Боже, как такой бессердечный ублюдок может быть так чертовски красив? Это было так неправильно.
Он не совсем бессердечный. Он принес твои холсты.
Так оно и было. И все же одним махом он уничтожил все хорошее, что было в ней.
- А как мне найти другую работу, если я не могу покинуть эту квартиру? - она указала, сдерживаясь, чтобы не перейти на крик. - Пребывание здесь не помешает приходить моим счетам и мне необходимо будет их все оплатить.
Он замолчал, бросив на нее еще один пронзительный взгляд.
- Как я уже сказал, я со всем разберусь.
- Как?
- Предоставьте это мне, - он уже повернулся к мешку, протягивая руку, чтобы удержать его. - Поговорим об этом позже.
Грейс сглотнула, когда паника сжала ее горло.
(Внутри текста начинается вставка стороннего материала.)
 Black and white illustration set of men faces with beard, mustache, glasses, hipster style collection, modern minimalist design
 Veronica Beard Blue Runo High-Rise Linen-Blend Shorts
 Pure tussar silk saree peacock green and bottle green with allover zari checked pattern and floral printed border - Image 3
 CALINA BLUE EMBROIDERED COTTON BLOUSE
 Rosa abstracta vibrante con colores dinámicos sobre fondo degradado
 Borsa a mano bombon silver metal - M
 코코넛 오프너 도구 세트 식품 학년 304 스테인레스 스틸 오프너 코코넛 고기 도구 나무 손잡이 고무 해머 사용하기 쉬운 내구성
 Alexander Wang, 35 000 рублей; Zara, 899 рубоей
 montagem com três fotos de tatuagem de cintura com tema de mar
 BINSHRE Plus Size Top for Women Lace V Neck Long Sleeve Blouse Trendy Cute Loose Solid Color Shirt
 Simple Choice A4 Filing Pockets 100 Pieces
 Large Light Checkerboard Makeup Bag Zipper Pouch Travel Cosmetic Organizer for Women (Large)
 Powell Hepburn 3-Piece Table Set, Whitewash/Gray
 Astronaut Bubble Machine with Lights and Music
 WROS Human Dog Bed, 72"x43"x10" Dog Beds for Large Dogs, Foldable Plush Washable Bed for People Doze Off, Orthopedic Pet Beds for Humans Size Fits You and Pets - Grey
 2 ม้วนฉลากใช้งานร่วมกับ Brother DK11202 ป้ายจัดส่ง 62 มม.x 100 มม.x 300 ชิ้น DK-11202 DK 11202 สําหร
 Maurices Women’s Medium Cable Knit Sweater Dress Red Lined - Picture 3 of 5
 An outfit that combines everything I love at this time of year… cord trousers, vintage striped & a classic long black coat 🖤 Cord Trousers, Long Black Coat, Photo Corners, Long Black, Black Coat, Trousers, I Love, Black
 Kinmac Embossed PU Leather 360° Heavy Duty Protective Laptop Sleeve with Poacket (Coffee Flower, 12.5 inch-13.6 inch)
Ей хотелось подойти к нему и встать между ним и мешком, потребовать, чтобы он объяснил ей, что именно он имел в виду, говоря, что «разберется с этим». Но потрясения дня заставили ее почувствовать себя близкой к слезам, и все, что нужно было сделать, чтобы она все же разревелась, это быть мудаком с ней. Это был бы удар по ее гордости, которого она просто не смогла бы вынести. Кроме того, у нее уже было более чем достаточно потрясений для одного дня, и разругаться с ним было последним, в чем она нуждалась.
Вместо этого она проглотила еще один ком, который застрял у нее в горле.
- Ты чертовски прав, мы еще обязательно поговорим об этом - сказала она, стараясь, чтобы ее голос звучал твердо. - Мне жаль твоего отца, кстати.
Упоминание о его смерти было настолько случайным, что она поняла это только через пару минут после того, как Лукас рассказал ей. Но потом она вспомнила, что это Лукас. В его устах смерть близкого члена семьи звучала как ничто.
Если только он не был так близок со своим отцом.
Это могло быть правдой, и она могла понять его. С другой стороны, она не настолько любопытна, чтобы спрашивать об этом. Ни в малейшей степени. Это, без сомнения, вскроет ее собственные проблемы с отцом, а она не хотела возвращаться к ним в ближайшее время.
Лукас лишь коротко кивнул в знак согласия, затем опустил голову и поднял кулаки, посылая очередной удар отбойного молотка в грушу перед ним.
Грейс подумала, не показать ли ему средний палец, но потом решила, что это того не стоит. Не тогда, когда он все равно не увидит.
Вместо этого она вздернула подбородок, повернулась и вышла. Оставив его наедине с его дурацкой грушей.